*** Begin section ***

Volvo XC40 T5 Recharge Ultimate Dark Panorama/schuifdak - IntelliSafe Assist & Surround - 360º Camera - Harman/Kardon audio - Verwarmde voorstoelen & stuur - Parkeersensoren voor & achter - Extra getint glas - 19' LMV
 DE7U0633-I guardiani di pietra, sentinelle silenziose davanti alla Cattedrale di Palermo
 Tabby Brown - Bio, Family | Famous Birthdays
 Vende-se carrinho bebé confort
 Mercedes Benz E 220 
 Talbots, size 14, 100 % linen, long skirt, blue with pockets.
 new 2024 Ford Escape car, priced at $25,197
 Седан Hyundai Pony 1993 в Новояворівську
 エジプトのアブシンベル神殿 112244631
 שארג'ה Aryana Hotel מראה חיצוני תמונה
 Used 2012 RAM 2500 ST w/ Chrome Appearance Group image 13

*** End section ***

*Exercise description:* Would you reproduce the whole listing exactly as it stands?

*Exercise response:*
Volvo XC40 T5 Recharge Ultimate Dark Panorama/schuifdak - IntelliSafe Assist & Surround - 360º Camera - Harman/Kardon audio - Verwarmde voorstoelen & stuur - Parkeersensoren voor & achter - Extra getint glas - 19' LMV
 DE7U0633-I guardiani di pietra, sentinelle silenziose davanti alla Cattedrale di Palermo
 Tabby Brown - Bio, Family | Famous Birthdays
 Vende-se carrinho bebé confort
 Mercedes Benz E 220 
 Talbots, size 14, 100 % linen, long skirt, blue with pockets.
 new 2024 Ford Escape car, priced at $25,197
 Седан Hyundai Pony 1993 в Новояворівську
 エジプトのアブシンベル神殿 112244631
 שארג'ה Aryana Hotel מראה חיצוני תמונה
 Used 2012 RAM 2500 ST w/ Chrome Appearance Group image 13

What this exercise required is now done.